Watch the full video at https://rumble.com/v2tqizk-no-defense-of-false-advertising.html and at https://youtu.be/PEiGcgzbQPU
L&K Coffee alleged that its various insurers wrongfully denied coverage to defend it against a Lanham Act false advertising lawsuit brought by coffee growers in Hawaii. The district court concluded that the applicable insurance policies did not oblige any defense and granted summary judgment in favor of the insurance companies.
IN L&K Coffee LLC, dba Magnum Roastery; Kevin Kihnke v. LM Insurance Corporation; Liberty Insurance Corporation; Selective way insurance companies; Valley Forge Insurance Company; Continental Casualty Companyno. 22-1727, United States Court of Appeals, Sixth Circuit (June 1, 2023), the Sixth Circuit resolved the coverage dispute.
L&K Coffee, LLC, a Michigan-based company, roasts and sells coffee products throughout the United States. The defendants are insurance companies from which L&K purchased general commercial liability and umbrella insurance.
Coffee growers from the Kona region of the island of Hawai’i sued L&K and other coffee companies for “false designation of origin, false advertising and unfair competition” in violation of the Lanham Act, 15 USC § 1125(a), in the Western District of Washington. These “Kona plaintiffs” alleged that the defendants misrepresented the origin of the coffee they labeled and distributed as “Kona” coffee “when most of the coffee beans in the coffee products came from other regions of the world.”
The Kona plaintiffs’ operative complaint summarized their claims against L&K as follows: “L&K misrepresents the geographic origin of its ‘Kona’ coffee products by prominently placing KONA on the front of the package.”
The misleading marketing was alleged to be designed to mislead consumers into believing that L&K’s Magnum Exotics “Kona” products contain coffee from the Kona district, when in fact the coffee products do not contain a significant amount of Kona coffee, if any. The plaintiffs also alleged that L&K deliberately misled the consumer into believing that L&K’s Magnum Exotics coffee products contain significant amounts of premium quality Kona coffee beans in order to justify the high price L&K charges for what is in fact regular raw coffee.

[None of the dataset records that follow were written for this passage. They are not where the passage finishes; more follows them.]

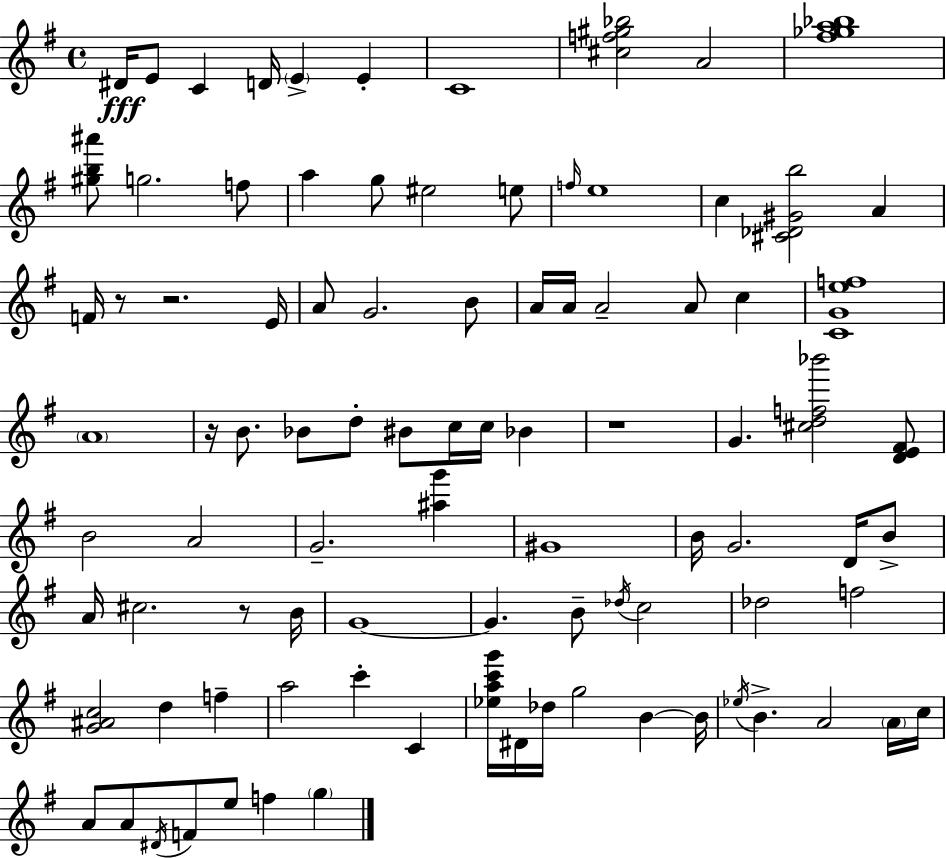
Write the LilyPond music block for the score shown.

{
  \clef treble
  \time 4/4
  \defaultTimeSignature
  \key e \minor
  \repeat volta 2 { dis'16\fff e'8 c'4 d'16 \parenthesize e'4-> e'4-. | c'1 | <cis'' f'' gis'' bes''>2 a'2 | <fis'' ges'' a'' bes''>1 | \break <gis'' b'' ais'''>8 g''2. f''8 | a''4 g''8 eis''2 e''8 | \grace { f''16 } e''1 | c''4 <cis' des' gis' b''>2 a'4 | \break f'16 r8 r2. | e'16 a'8 g'2. b'8 | a'16 a'16 a'2-- a'8 c''4 | <c' g' e'' f''>1 | \break \parenthesize a'1 | r16 b'8. bes'8 d''8-. bis'8 c''16 c''16 bes'4 | r1 | g'4. <cis'' d'' f'' bes'''>2 <d' e' fis'>8 | \break b'2 a'2 | g'2.-- <ais'' g'''>4 | gis'1 | b'16 g'2. d'16 b'8-> | \break a'16 cis''2. r8 | b'16 g'1~~ | g'4. b'8-- \acciaccatura { des''16 } c''2 | des''2 f''2 | \break <g' ais' c''>2 d''4 f''4-- | a''2 c'''4-. c'4 | <ees'' a'' c''' g'''>16 dis'16 des''16 g''2 b'4~~ | b'16 \acciaccatura { ees''16 } b'4.-> a'2 | \break \parenthesize a'16 c''16 a'8 a'8 \acciaccatura { dis'16 } f'8 e''8 f''4 | \parenthesize g''4 } \bar "|."
}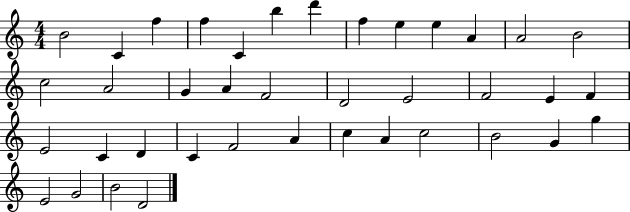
{
  \clef treble
  \numericTimeSignature
  \time 4/4
  \key c \major
  b'2 c'4 f''4 | f''4 c'4 b''4 d'''4 | f''4 e''4 e''4 a'4 | a'2 b'2 | \break c''2 a'2 | g'4 a'4 f'2 | d'2 e'2 | f'2 e'4 f'4 | \break e'2 c'4 d'4 | c'4 f'2 a'4 | c''4 a'4 c''2 | b'2 g'4 g''4 | \break e'2 g'2 | b'2 d'2 | \bar "|."
}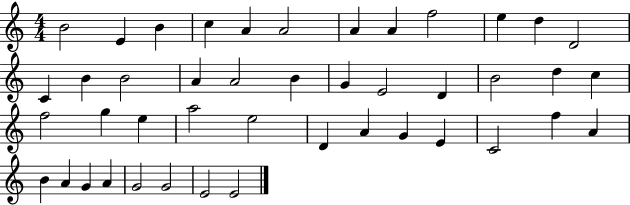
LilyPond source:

{
  \clef treble
  \numericTimeSignature
  \time 4/4
  \key c \major
  b'2 e'4 b'4 | c''4 a'4 a'2 | a'4 a'4 f''2 | e''4 d''4 d'2 | \break c'4 b'4 b'2 | a'4 a'2 b'4 | g'4 e'2 d'4 | b'2 d''4 c''4 | \break f''2 g''4 e''4 | a''2 e''2 | d'4 a'4 g'4 e'4 | c'2 f''4 a'4 | \break b'4 a'4 g'4 a'4 | g'2 g'2 | e'2 e'2 | \bar "|."
}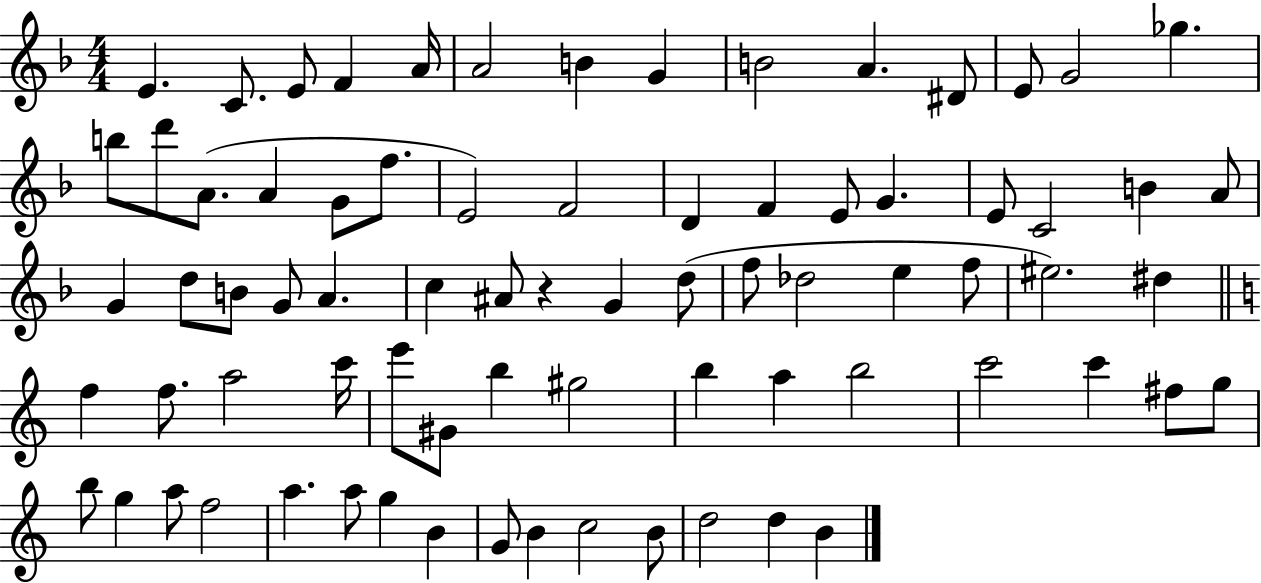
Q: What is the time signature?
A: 4/4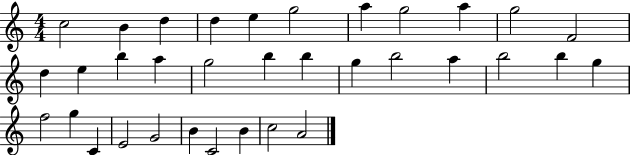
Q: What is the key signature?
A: C major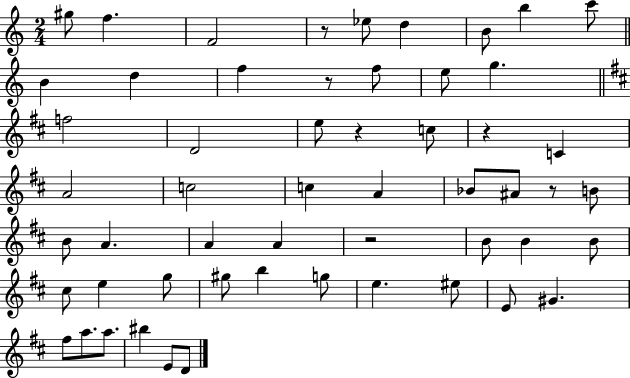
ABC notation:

X:1
T:Untitled
M:2/4
L:1/4
K:C
^g/2 f F2 z/2 _e/2 d B/2 b c'/2 B d f z/2 f/2 e/2 g f2 D2 e/2 z c/2 z C A2 c2 c A _B/2 ^A/2 z/2 B/2 B/2 A A A z2 B/2 B B/2 ^c/2 e g/2 ^g/2 b g/2 e ^e/2 E/2 ^G ^f/2 a/2 a/2 ^b E/2 D/2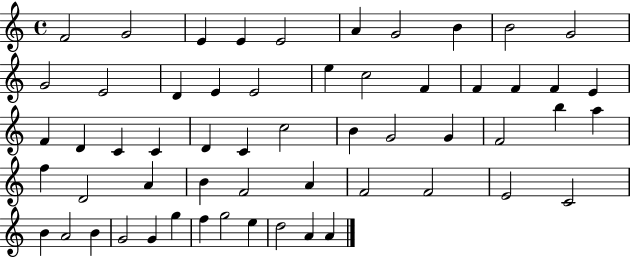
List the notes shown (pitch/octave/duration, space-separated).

F4/h G4/h E4/q E4/q E4/h A4/q G4/h B4/q B4/h G4/h G4/h E4/h D4/q E4/q E4/h E5/q C5/h F4/q F4/q F4/q F4/q E4/q F4/q D4/q C4/q C4/q D4/q C4/q C5/h B4/q G4/h G4/q F4/h B5/q A5/q F5/q D4/h A4/q B4/q F4/h A4/q F4/h F4/h E4/h C4/h B4/q A4/h B4/q G4/h G4/q G5/q F5/q G5/h E5/q D5/h A4/q A4/q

L&K asked the insurers to defend and indemnify them in that matter under the policies’ “personal and advertising damages” clauses. Personal and advertising injury, in relevant part, is defined as an “injury . . . arising from” (1) a publication that “disparages the goods, products, or services of a person or organization” or (2) “[i]trespass on another’s. . . slogan in your ad.” Based on this language and the Kona plaintiffs’ allegations, the insurers denied coverage because, as one insurer put it, “none of the crimes in the definition of “personal and advertising injury” includes false advertising, and none of the allegations in the complaint fall within any of the crimes in the definition.”
An insurance company’s obligation to provide a defense depends on the allegations in the complaint and extends to allegations that may even be argued to be covered by the insurance coverage. An insurer’s duty to defend does not depend solely on the terminology used in a claimant’s pleadings. Rather, it is necessary to focus on the basis of the injury and not the nomenclature of the underlying claim to determine whether coverage exists.
The term “defamatory” refers to an untrue statement directed at another’s property. A defamatory claim requires a company to make false, disparaging or disparaging communications about a competitor’s product.” (emphasis in the statement)
The Kona plaintiffs alleged that L&K violated the Lanham Act’s prohibition against misrepresentation of its own product. Looks 15 USC § 1125(a)(1). The Sixth Circuit concluded that this is not “derogatory.”
After reviewing the Kona plaintiffs’ complaint, the Sixth Circuit Court agreed with the district court that the complaint does not state a pleading theory of recovery. In the Kona Plaintiffs’ own words, “only coffee grown on farms located within the Kona District of the Big Island of Hawaii . . . may be truthfully marketed, labeled and sold as Kona coffee.” L&K violated the misrepresentation of its product and it was not a covered cause of loss.
It never pays to lie to your customers. When you do harm someone else, you are subject to damages from those your lie harms. By mislabeling its product as “Kona” coffee when L&K claimed its cheap, generic coffee was “Kona” coffee, it was involved in a tort that was not covered by the policies.
(c) 2023 Barry Zalma & ClaimSchool, Inc.